What you are asked to do: Since each line must match the original, copy out the records with no differences at all.

The data:
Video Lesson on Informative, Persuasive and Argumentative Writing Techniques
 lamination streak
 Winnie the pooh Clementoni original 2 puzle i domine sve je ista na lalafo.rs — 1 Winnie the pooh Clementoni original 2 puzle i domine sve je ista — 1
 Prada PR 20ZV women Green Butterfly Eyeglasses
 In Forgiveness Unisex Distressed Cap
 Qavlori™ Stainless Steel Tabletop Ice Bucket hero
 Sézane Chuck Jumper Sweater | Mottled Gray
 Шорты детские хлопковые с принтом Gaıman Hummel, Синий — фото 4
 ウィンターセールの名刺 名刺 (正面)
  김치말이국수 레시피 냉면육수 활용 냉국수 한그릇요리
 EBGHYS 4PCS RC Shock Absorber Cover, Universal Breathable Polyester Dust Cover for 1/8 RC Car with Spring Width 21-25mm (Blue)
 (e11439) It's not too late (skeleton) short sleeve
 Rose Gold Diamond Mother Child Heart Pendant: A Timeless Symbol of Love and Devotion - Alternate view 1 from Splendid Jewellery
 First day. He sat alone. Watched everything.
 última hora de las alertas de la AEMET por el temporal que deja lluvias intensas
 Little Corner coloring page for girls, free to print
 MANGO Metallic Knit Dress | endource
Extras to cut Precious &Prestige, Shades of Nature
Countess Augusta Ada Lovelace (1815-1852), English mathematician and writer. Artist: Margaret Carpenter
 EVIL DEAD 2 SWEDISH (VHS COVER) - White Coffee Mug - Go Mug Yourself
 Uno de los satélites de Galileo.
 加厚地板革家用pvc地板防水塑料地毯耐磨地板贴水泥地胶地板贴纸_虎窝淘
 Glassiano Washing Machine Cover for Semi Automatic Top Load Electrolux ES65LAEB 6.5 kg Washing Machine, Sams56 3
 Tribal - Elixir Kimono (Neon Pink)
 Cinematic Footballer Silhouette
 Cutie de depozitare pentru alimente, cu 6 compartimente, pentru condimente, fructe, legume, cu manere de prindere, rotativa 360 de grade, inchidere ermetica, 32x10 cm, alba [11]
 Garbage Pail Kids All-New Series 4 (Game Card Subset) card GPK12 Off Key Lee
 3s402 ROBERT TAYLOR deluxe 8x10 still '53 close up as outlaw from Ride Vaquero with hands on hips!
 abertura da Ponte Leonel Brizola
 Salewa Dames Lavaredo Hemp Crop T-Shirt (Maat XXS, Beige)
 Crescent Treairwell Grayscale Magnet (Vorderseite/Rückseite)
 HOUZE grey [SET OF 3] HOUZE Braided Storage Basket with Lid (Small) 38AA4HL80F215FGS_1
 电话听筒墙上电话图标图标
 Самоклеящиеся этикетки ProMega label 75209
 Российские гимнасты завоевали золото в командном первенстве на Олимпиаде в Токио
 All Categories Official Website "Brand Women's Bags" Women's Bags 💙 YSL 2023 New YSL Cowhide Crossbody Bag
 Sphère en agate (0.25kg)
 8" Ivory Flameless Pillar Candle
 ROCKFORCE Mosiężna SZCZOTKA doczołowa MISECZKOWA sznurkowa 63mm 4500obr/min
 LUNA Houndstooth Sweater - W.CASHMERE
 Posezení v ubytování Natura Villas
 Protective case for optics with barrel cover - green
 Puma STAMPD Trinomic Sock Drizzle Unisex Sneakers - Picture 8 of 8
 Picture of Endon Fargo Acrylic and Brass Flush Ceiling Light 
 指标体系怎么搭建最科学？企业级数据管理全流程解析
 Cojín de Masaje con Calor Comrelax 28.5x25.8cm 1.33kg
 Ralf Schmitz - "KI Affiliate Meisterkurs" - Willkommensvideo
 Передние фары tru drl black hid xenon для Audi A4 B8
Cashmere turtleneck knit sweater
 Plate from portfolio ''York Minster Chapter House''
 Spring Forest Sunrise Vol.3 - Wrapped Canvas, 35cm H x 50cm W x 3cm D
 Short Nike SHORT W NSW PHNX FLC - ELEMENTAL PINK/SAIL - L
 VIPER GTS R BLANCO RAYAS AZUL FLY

Response box:
Video Lesson on Informative, Persuasive and Argumentative Writing Techniques
 lamination streak
 Winnie the pooh Clementoni original 2 puzle i domine sve je ista na lalafo.rs — 1 Winnie the pooh Clementoni original 2 puzle i domine sve je ista — 1
 Prada PR 20ZV women Green Butterfly Eyeglasses
 In Forgiveness Unisex Distressed Cap
 Qavlori™ Stainless Steel Tabletop Ice Bucket hero
 Sézane Chuck Jumper Sweater | Mottled Gray
 Шорты детские хлопковые с принтом Gaıman Hummel, Синий — фото 4
 ウィンターセールの名刺 名刺 (正面)
  김치말이국수 레시피 냉면육수 활용 냉국수 한그릇요리
 EBGHYS 4PCS RC Shock Absorber Cover, Universal Breathable Polyester Dust Cover for 1/8 RC Car with Spring Width 21-25mm (Blue)
 (e11439) It's not too late (skeleton) short sleeve
 Rose Gold Diamond Mother Child Heart Pendant: A Timeless Symbol of Love and Devotion - Alternate view 1 from Splendid Jewellery
 First day. He sat alone. Watched everything.
 última hora de las alertas de la AEMET por el temporal que deja lluvias intensas
 Little Corner coloring page for girls, free to print
 MANGO Metallic Knit Dress | endource
Extras to cut Precious &Prestige, Shades of Nature
Countess Augusta Ada Lovelace (1815-1852), English mathematician and writer. Artist: Margaret Carpenter
 EVIL DEAD 2 SWEDISH (VHS COVER) - White Coffee Mug - Go Mug Yourself
 Uno de los satélites de Galileo.
 加厚地板革家用pvc地板防水塑料地毯耐磨地板贴水泥地胶地板贴纸_虎窝淘
 Glassiano Washing Machine Cover for Semi Automatic Top Load Electrolux ES65LAEB 6.5 kg Washing Machine, Sams56 3
 Tribal - Elixir Kimono (Neon Pink)
 Cinematic Footballer Silhouette
 Cutie de depozitare pentru alimente, cu 6 compartimente, pentru condimente, fructe, legume, cu manere de prindere, rotativa 360 de grade, inchidere ermetica, 32x10 cm, alba [11]
 Garbage Pail Kids All-New Series 4 (Game Card Subset) card GPK12 Off Key Lee
 3s402 ROBERT TAYLOR deluxe 8x10 still '53 close up as outlaw from Ride Vaquero with hands on hips!
 abertura da Ponte Leonel Brizola
 Salewa Dames Lavaredo Hemp Crop T-Shirt (Maat XXS, Beige)
 Crescent Treairwell Grayscale Magnet (Vorderseite/Rückseite)
 HOUZE grey [SET OF 3] HOUZE Braided Storage Basket with Lid (Small) 38AA4HL80F215FGS_1
 电话听筒墙上电话图标图标
 Самоклеящиеся этикетки ProMega label 75209
 Российские гимнасты завоевали золото в командном первенстве на Олимпиаде в Токио
 All Categories Official Website "Brand Women's Bags" Women's Bags 💙 YSL 2023 New YSL Cowhide Crossbody Bag
 Sphère en agate (0.25kg)
 8" Ivory Flameless Pillar Candle
 ROCKFORCE Mosiężna SZCZOTKA doczołowa MISECZKOWA sznurkowa 63mm 4500obr/min
 LUNA Houndstooth Sweater - W.CASHMERE
 Posezení v ubytování Natura Villas
 Protective case for optics with barrel cover - green
 Puma STAMPD Trinomic Sock Drizzle Unisex Sneakers - Picture 8 of 8
 Picture of Endon Fargo Acrylic and Brass Flush Ceiling Light 
 指标体系怎么搭建最科学？企业级数据管理全流程解析
 Cojín de Masaje con Calor Comrelax 28.5x25.8cm 1.33kg
 Ralf Schmitz - "KI Affiliate Meisterkurs" - Willkommensvideo
 Передние фары tru drl black hid xenon для Audi A4 B8
Cashmere turtleneck knit sweater
 Plate from portfolio ''York Minster Chapter House''
 Spring Forest Sunrise Vol.3 - Wrapped Canvas, 35cm H x 50cm W x 3cm D
 Short Nike SHORT W NSW PHNX FLC - ELEMENTAL PINK/SAIL - L
 VIPER GTS R BLANCO RAYAS AZUL FLY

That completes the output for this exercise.